Trump’s latest eternal quote, destined for thirty ‘how not to’ textbooks, and a brilliant Brian Bilston poem by lunchtime, lays bare his Achilles heel.
Before the political dark ages, a pre-Christmas episode of Question Time had Roy Hattersley and Anne Widdecombe on the panel. The final question from the audience was: ‘what gift would the panel give to another panel member?’
Hattersley’s answer was: “To Anne Widdecombe I would give the gift of humility.”
The absence of humility in Trump and the scale of his bluster are the roots of his inevitable downfall. Arrogance in leadership only has purchase in countries where there is no opposition and no dissenting voice. America is now in the midst of a slow, careful and methodical war with a small, despotic regime on its own soil. It will win and the despot’s utterances will, counter-intuitively, serve as the disinfectant.
Proclaim your own wisdom and you invite closer analysis. Speak of wisdom and you cause others to reflect on what wisdom is. Is it, for instance, the skirting of rules, or sailing across the Atlantic to inspire others to save the planet?
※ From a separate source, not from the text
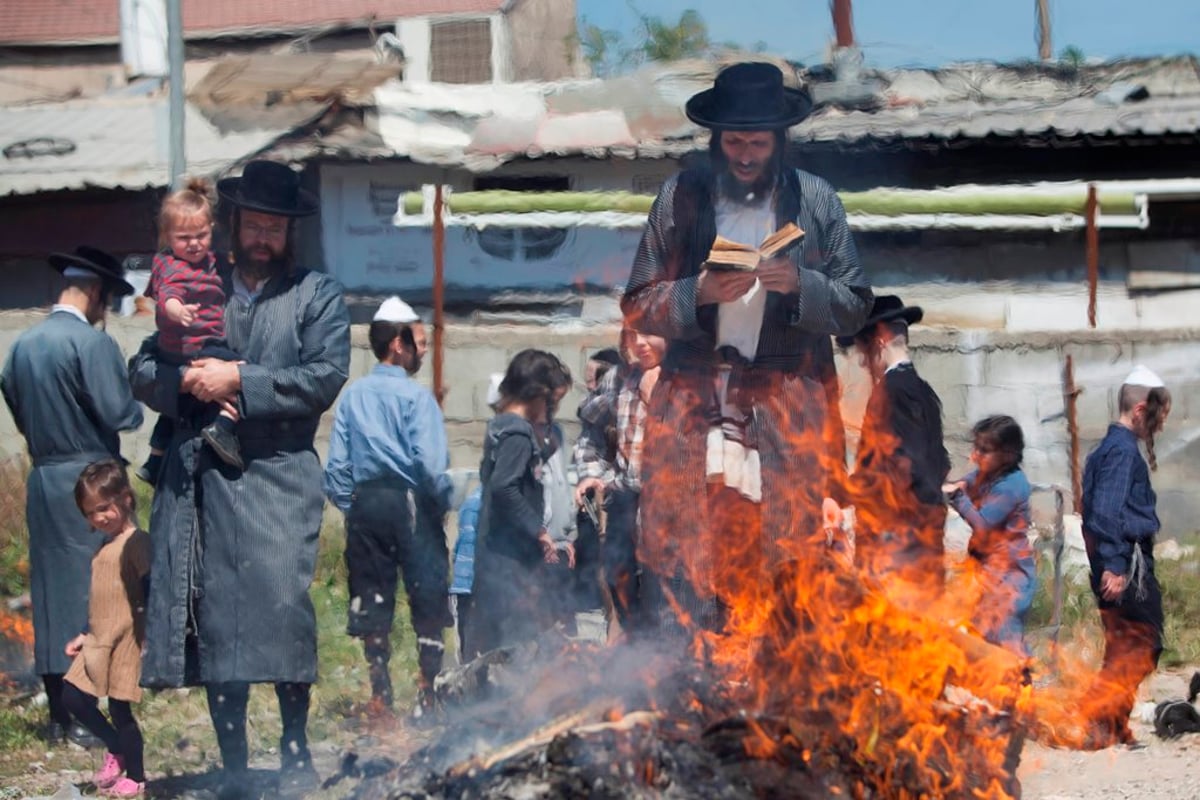 צפו: שריפת חמץ עם שאל ורעלה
Is it sacrificing stability for dogma or listening to, and reflecting the changing mood of a nation?
Arrogance and deafness have no place in leadership, especially these days, when every step is dissected and triangulated. If you don’t take your people with you, if you persist with the implacable belief that you are always right, if you fail to recognise plurality of opinion and perspective, you are lost.
Paul Keating, former Australian Prime Minister, laid waste to the career of his foe Andrew Peacock at the despatch box. Peacock was always susceptible to accusations of self-aggrandisement and vanity through his actions – and he wasn’t helped by the unhelpful nominative determinism served to him by his forebears. When Peacock returned to leadership of the opposition in Australia after a pause for breath on the edge of the snakepit of Australian politics, he took Peacock down with one line: “Can a soufflé rise twice?”
Leadership is substance and multitude and listening. The best leaders take account of their constituents, absorb and embrace their diversity, and move forward. Those that blandly and blindly assume, without listening, that their actions are “the will of the people”, will not. Those that cast aside the best work of their predecessors without care or consideration will not. The sun is their undoing. Classical scholars, especially, take note.